In the pre-Web world there were two main methods for measuring the popularity of media channels, sampling and auditing. Sampling, like the Nielsen rating system for TV programs, is survey based. It picks a representing group of users, checks their usage patterns and derives usage statistics about all the users. In traditional types of media like television this method makes sense since users have a relatively limited number of viewing options to choose from. These types of media use broadcast, which operates in a one-to-many communication model. The Web operates in a many-to-many communication model and offers millions of Web pages to visit. Therefore although sampling based metering services are offered for the Internet, they do not provide meaningful results for any but the most popular Web sites.
Auditing is performed by trusted third party agencies, like the Audit Bureau of Circulations (ABC) which audits print circulation. Although such information regarding Web sites is often offered by the sites themselves, it should be taken with a grain of salt. The Coalition for Advertising Supported Information and Entertainment (CASIE) states in its guidelines for interactive media audience measurement [2] that ``Third party measurement is the foundation for advertiser confidence in information. It is the measurement practice of all other advertiser supported media''. There are a number of companies (like Nielsen/IPRO, NetCount, etc.) which offer third party based audit services for the Internet. They typically install some monitoring software at the server that operates the site. However, the reliability of such audit data depends on the site providing accurate data or not breaking into the monitoring module. Sites have a huge financial interest to exaggerate their popularity. The lesson learnt from software and pay-TV piracy (e.g. [10,1]) is that such financial interests lead to corrupt behavior which overcomes any ``lightweight security'' mechanism.
Today most Web advertising is displayed on a very small number of top popularity Web sites, like Yahoo! or CNN. It may be plausible that in spite of the great financial motivation such established sites will not provide inflated usage reports or break into audit modules that report their activities. In fact, Rick Boyce, vice president and director of advertising sales at HotWired, has been quoted as saying that ``No one has come up to me yet and said `We won't buy your site because you haven't had an independent audit' '' [13]. However, while this may be true for the big sites, a large amount of advertising is displayed on smaller scale sites. It can also be argued that one of the main reasons that drive advertisers to use only the biggest sites is the lack of reliable audit data on smaller scale sites. The Web is so attractive because one can set a site of interest to say, 10,000 users worldwide. This number may suffice to attract some advertisers, provided there are reliable usage statistics.
Advertisers can learn about the exposure of their ads by counting ``click throughs'', i.e. the number of users who clicked on ads in order to visit the advertiser's site. Doubleclick reported in 1996 that 4% of the visitors who view an ad for the first time actually click on it. This ratio changes according to the content of the ad, and therefore gives very limited information to the advertiser. Another method that advertisers can use is to display the ads from their own server (even when they are displayed in other sites) and eliminate the risk of unreliable reports from sites. However, this method burdens the advertiser with sending its ads to all their viewers and prevents the distribution of this task. The original communication pattern is not preserved since a new channel (between the advertiser and the client) is used. The load on the advertiser's server is huge and is surely not acceptable for a one-time advertiser. This solution is non-scalable, introduces a single point of failure (the advertiser), and is also insecure against ``fake'' requests created by the site displaying the ads.

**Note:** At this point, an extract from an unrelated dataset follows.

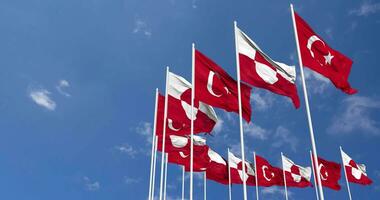 Greenland and Turkey Flags Waving Together in the Sky, Seamless Loop in Wind, Space on Left Side for Design or Information, 3D Rendering video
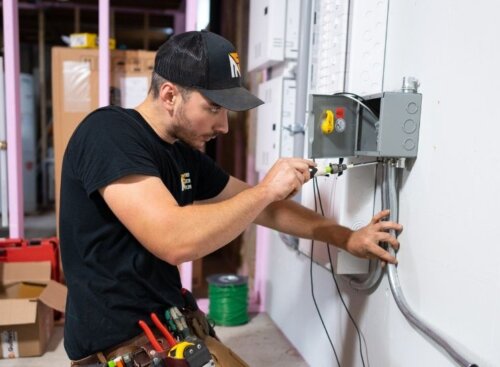 Electrician on the job. Learn about how you can make as an electrician in this article.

Currently there is no single accepted standard or terminology for Web measurement. Novak and Hoffman [15] argue that standardization is a crucial first step in the way for obtaining successful commercial use of the Internet. They also claim that interactivity metrics rather than the number of hits or the number of visitors should be used to meter a site's popularity. We define our schemes to count the number of visits that a Web site receives. For the purpose of this exposition we do not need to define a visit precisely. For example, it can be set to be a click, a user, a session of more than some threshold of time or of page requests from a single user, or any similar definition. The main requirement is that the measurement be universal to all clients and can be consolidated (for instance, a detailed report of the path of pages that each client went through in its visit cannot be consolidated into a single result. The number of clients whose visit lasted more than 15 minutes can be represented as a single number). The emphasis in this paper is in obtaining reliable usage statistics even when servers may try to act maliciously, and not in defining the type of statistics that are needed.
Previous work (e.g. [16]) discussed the problems caused by caching and by proxy usage, which hide usage information from Web servers. Possible solutions like temporal analysis, cache busting, and sampling were suggested.
We are only aware of a single attempt to handle the problem of corrupt servers who present exaggerated usage statistics. Franklin and Malkhi [8] were the first to consider the secure metering problem in a rigorous theoretical approach. Yet their solutions only offer ``lightweight security'' and as such can be circumvented. Such solutions cannot be applied if there are strong commercial interests to falsify the metering results.
This paper presents the motivation and the basic ideas of secure metering schemes. A companion paper [14] gives more technical details about these schemes.
The Internet is based on packet switching, i.e. there is no dedicated path between two parties which are communicating through the Internet, but rather each packet of information is routed separately. The Internet is essentially a network of networks and packets are typically routed through several different networks. These properties complicate pricing and accounting mechanisms for Internet usage, and indeed the most common pricing method is to charge a fixed price which is independent of the actual number of packets which are transferred. Pricing theory based analysis [9,6] indicates that pricing Internet services according to the actual usage (at least at times of network congestion) is superior in terms of network efficiency. Usage based pricing has a disadvantage of incurring accounting and billing costs. It is impractical to create detailed account reports (similar to telephone accounts) due to the huge number of packets. Some are suggesting to measure usage using sampling [4] or only at times of congestion (however, even producing reports for a sample of say, 1/1000 of the packets creates inconceivably large reports). MacKie-Mason and Varian [9] also expect breakthroughs in the area of in-line distributed accounting that will lower the costs of Internet accounting.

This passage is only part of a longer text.